Erdfrühzeit: Warm trotz schwacher Sonne
Während der ersten zwei Milliarden Jahre ihrer Existenz war die Erde wärmer, als es die Sonneneinstrahlung eigentlich erlaubt hätte: Unser Zentralgestirn feuerte nur mit 70 Prozent seiner heutigen Leistung – zu wenig, um beispielsweise flüssiges Wasser und damit die Entwicklung von Leben zu ermöglichen. Stattdessen sollte unsere Heimat als Eisplanet durchs All kreisen. Dennoch wissen Geologen aus fossilen Belegen, dass es damals geregnet hat und erste Ozeane über den Planeten schwappten. Robin Wordsworth und Raymond Pierrehumbert von der University of Chicago liefern nun eine neue Erklärung für dieses paradoxe Phänomen: Zahlreich zusammenstoßende Wasser- und Stickstoffmoleküle in der frühen Erdatmosphäre sorgten dafür, dass von der Erdoberfläche reflektiertes Sonnenlicht in Form von Infrarot "geschluckt" wurde und die Lufthülle aufheizte – ein sehr früher Treibhauseffekt.

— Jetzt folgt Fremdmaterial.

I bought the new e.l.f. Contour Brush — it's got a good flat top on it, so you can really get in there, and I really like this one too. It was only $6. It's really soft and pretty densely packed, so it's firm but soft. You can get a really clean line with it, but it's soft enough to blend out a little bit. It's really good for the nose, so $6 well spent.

Gesteinsanalysen zeigen laut den Wissenschaftlern, dass vor 3,8 Milliarden Jahren im Erdzeitalter des Archaikums mindestens fünf bis zehn Prozent der Atmosphäre aus Wasserstoff bestanden; heute ist das Gas dagegen mit 0,55 ppm (parts per million) nur in winzigsten Spuren vorhanden: Vulkane setzten damals große Mengen an Wasserstoff frei, der jedoch nur langsam zu Wasser oder anderen Verbindungen umgesetzt wurde. Zudem habe auch die Konzentration an Stickstoff höher gelegen als gegenwärtig, so die Forscher weiter. Erst später wurde er biogeochemisch gebunden und so der Luft entzogen, bis die heutigen Werte erreicht waren. Das in früheren Theorien als potenzieller Verursacher genannte Kohlendioxid scheidet dagegen aus: Statt des prognostizierten 30-prozentigen Anteils an der Atmosphäre betrug er nur ein Promille – zu wenig, um damals eine nachhaltige Erwärmung zu garantieren.

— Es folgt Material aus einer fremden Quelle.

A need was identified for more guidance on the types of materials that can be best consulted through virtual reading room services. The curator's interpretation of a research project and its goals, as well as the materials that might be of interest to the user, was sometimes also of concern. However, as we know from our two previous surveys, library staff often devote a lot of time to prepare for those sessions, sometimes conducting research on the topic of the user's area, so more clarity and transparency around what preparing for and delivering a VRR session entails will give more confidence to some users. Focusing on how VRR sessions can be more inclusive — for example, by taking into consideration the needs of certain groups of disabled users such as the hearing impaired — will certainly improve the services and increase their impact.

Den Temperaturanstieg führten stattdessen die kollidierenden Stickstoff- und Wasserstoffmoleküle herbei, die sich eigentlich relativ reaktionsträge verhalten, da sie symmetrisch aufgebaut sind und keine Ladung aufweisen. Auf Grund ihrer hohen Konzentrationen in der Atmosphäre kam es damals jedoch sehr häufig zu Zusammenstößen, aus denen Dimere hervorgingen. Wenn Infrarotstrahlung auf diese trifft, beginnen diese zu schwingen und speichern dabei die Energie der Photonen. Laut den Berechnungen von Wordsworth und Pierrehumbert reichte das aus, um einen Treibhauseffekt zu bewirken, der die frühe Erde um bis zu zehn Grad Celsius aufheizte – genug, damit der Planet nicht einfror. Erst als frühe methanogene Mikroben (vor allem Archaea) Wasserstoff und Kohlendioxid zu Methan umsetzten und damit dem System Wasserstoff entzogen, kühlte sich das System wieder etwas ab, bevor sich nach und nach die Sonnenstrahlung verstärkte und sich die heutige Atmosphäre mit ihrer Treibhauswirkung herausbildete.

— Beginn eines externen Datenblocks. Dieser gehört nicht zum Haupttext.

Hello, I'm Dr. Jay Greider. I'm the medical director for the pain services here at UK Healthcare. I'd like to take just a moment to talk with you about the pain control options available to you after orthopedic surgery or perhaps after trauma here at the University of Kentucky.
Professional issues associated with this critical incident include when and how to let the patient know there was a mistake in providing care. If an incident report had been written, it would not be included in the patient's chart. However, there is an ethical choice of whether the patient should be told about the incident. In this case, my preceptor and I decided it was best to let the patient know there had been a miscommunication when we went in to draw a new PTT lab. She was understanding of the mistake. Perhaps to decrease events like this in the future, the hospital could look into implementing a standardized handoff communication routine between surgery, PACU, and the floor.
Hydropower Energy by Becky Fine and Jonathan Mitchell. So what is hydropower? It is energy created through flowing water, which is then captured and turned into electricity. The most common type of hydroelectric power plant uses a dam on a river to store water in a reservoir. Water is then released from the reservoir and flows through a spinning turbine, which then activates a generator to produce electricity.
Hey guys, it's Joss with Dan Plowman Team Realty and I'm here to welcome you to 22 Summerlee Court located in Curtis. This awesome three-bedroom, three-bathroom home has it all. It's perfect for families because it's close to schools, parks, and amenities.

Die Erkenntnisse der beiden Geologen interessieren auch Exoplanetenforscher. Denn sie legen nahe, dass sich lebensfreundliche Bedingungen auch auf sonnenferneren Planeten oder Monden entwickeln könnten: Es muss nur genügend Wasserstoff in der Gashülle vorhanden sein. Das erweitert die potenziell habitable Zone bis hinaus zu einer Umlaufbahn, die dem des Saturns entspräche.